Margaret and Scott Henson lived in McGehee, Arkansas, for nine years and in 1960 moved to Houston where she completed her bachelor’s degree two years later at the University of Houston. She taught history in the Houston Independent School District during the 1960s and earned her M.A. at the University of Houston in 1969. Continuing her graduate work at the same institution, she became one of the first women to earn a Ph.D. in history there in 1974. From 1975 to 1978, Henson worked as archivist for the Houston Metropolitan Archives Project and taught at several area community colleges. She joined the faculty at the University of Houston at Clear Lake in 1977 and held a position there until 1985.
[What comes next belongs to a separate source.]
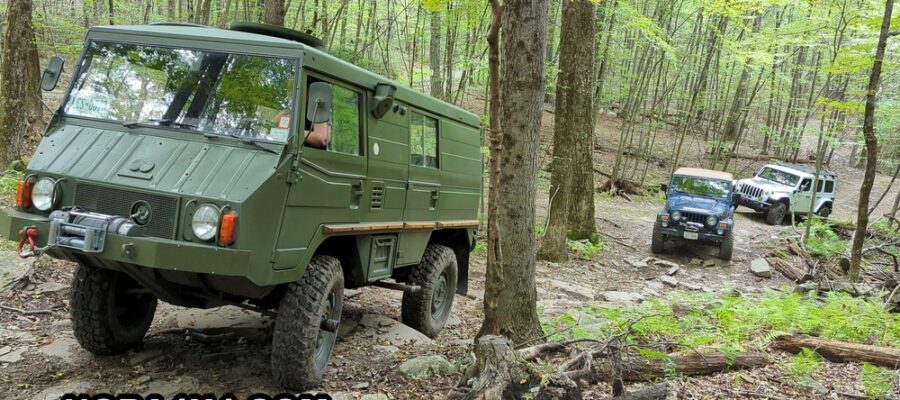 PXL_20230917_184226634_wm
Soon after completing her doctorate, Henson began publishing notable historical studies, most of which focused on southeastern Texas in the era of the Texas Revolution and Republic. The first, Samuel May Williams: Early Texas Entrepreneur (1976), won the Summerfield G. Roberts Award from the Sons of the Republic of Texas. She followed that study with another biography entitled Juan Davis Bradburn: A Reappraisal of the Mexican Commander at Anahuac (1982) and a family history, The Cartwrights of San Augustine: Three Generations of Agrarian Entrepreneurs in Nineteenth-Century Texas (co-written with Deolece Parmalee, 1993). Her last major publication was Lorenzo de Zavala: The Pragmatic Idealist (1996). Also, during the years of major publications, she wrote several local histories and journal articles and was very active with regional historical groups. She was a member of the Harris County Historical Commission from 1976 to 1992 and chaired its Historical Marker Committee from 1987 to 1990. Henson was president of the Harris County Historical Society in 1978. She served as an advisory editor for The New Handbook of Texas (1996) and wrote more than forty entries for that encyclopedia of Texas.
Henson received numerous honors in recognition of her work in Texas history. The city of Houston declared July 30, 1997, to be “Margaret S. Henson Day.” The Texas State Historical Association named her a “Fellow” in 1987 and elected her president of the association for 1997–98. The Tejano Association for Historical Preservation (a group that she helped found) hosted a special tribute to her in 1997. Margaret Swett Henson died in Houston on January 22, 2001, and is buried at the Memorial Oaks Cemetery in Houston.